García Ruiz lui-même souligne cette incertitude. «Je dirais que la conclusion de nos travaux est qu’aujourd’hui, la différence entre le vivant et le non-vivant est moins nette que jamais, tant sur le plan morphologique que chimique», déclare le géologue, qui est également chercheur émérite de l’Institut Institut Andalou des Sciences de la Terre (CSIC), à Grenade, où son équipe a réalisé une partie des expériences. García Ruiz prévient que les missions spatiales rapporteront des roches de Mars dans les années à venir et que des acides aminés, les bases nucléiques de l’ADN et même ces « protocellules » pourraient y être détectés, mais cela ne signifiera pas que des traces de vie extraterrestre auront été découvertes.
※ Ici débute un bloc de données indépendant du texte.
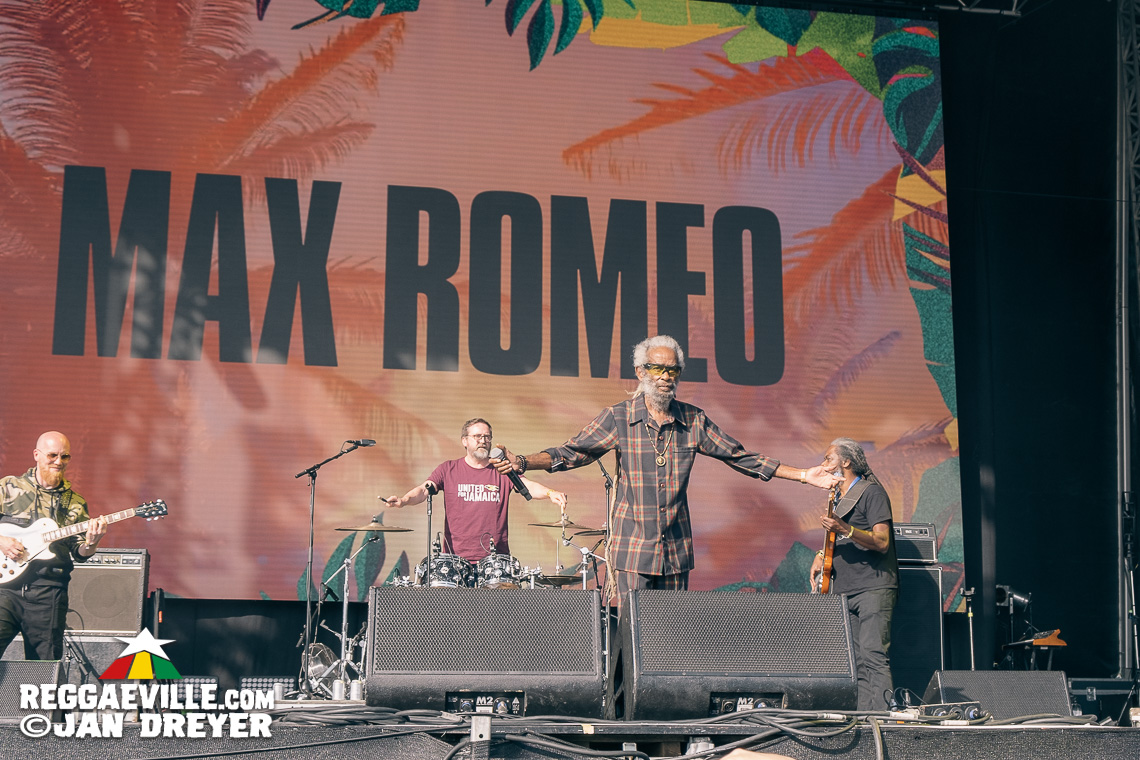 Max & Xana Romeo, Koffee, Jah9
Le philosophe de la biologie Kepa Ruiz Mirazoexpert en origine de la vie et en modèles protocellulaires, salue également « l’excellent travail » de García Ruiz. « La pertinence et l’intérêt spécifique de ces recherches, au-delà de situer les premiers pas vers la vie à des époques très reculées, réside dans le fait que la synthèse de molécules organiques à la Miller s’accompagne ici de la formation de compartiments ayant une taille, une morphologie et une topologie semblables à celles d’une cellule », souligne Ruiz Mirazo, de l’Université du Pays Basque.
“Il reste à déterminer – et j’espère que ce groupe relèvera maintenant le défi de le démontrer – si ces types de structures supramoléculaires fermées et creuses pourraient être couplées à une chimie prébiotique avec laquelle elles pourraient coévoluer vers des formes d’organisation.” vraiment protocellulaireétablissant des mécanismes d’échange de matière et d’énergie avec son environnement », prévient Ruiz Mirazo. « De mon point de vue, l’encapsulation de précurseurs biomoléculaires, bien que nécessaire (comme le défendent les auteurs de l’article), n’est pas en soi une condition suffisante pour qu’un compartiment soit conçu comme protocole. Or, c’est ainsi que la science avance, dans tous ses domaines : plus une réalisation est importante, plus elle soulève des questions ouvertes autour d’elle. Continuer à enquêter dans cette voie élargira sans aucun doute les horizons dans la recherche de nos origines les plus profondes et les plus lointaines, en tant qu’entités biologiques que nous sommes », affirme ce chercheur.
Le géologue Juan Manuel García Ruiz prépare une expédition en 2026 au Kenya, dans la vallée du Rift, un endroit qu’il considère relativement similaire à celui de la Terre primitive, avec des lacs alcalins et de la silice en abondance. Entre-temps, son groupe continuera de répéter l’expérience de Miller dans de nouvelles versions, par exemple en modifiant la température et en ajoutant des ingrédients tels que du soufre, du phosphore et du monoxyde de carbone. « Nous allons prolonger le temps et commencer à cuisiner, et voir ce qui se passe », annonce-t-il.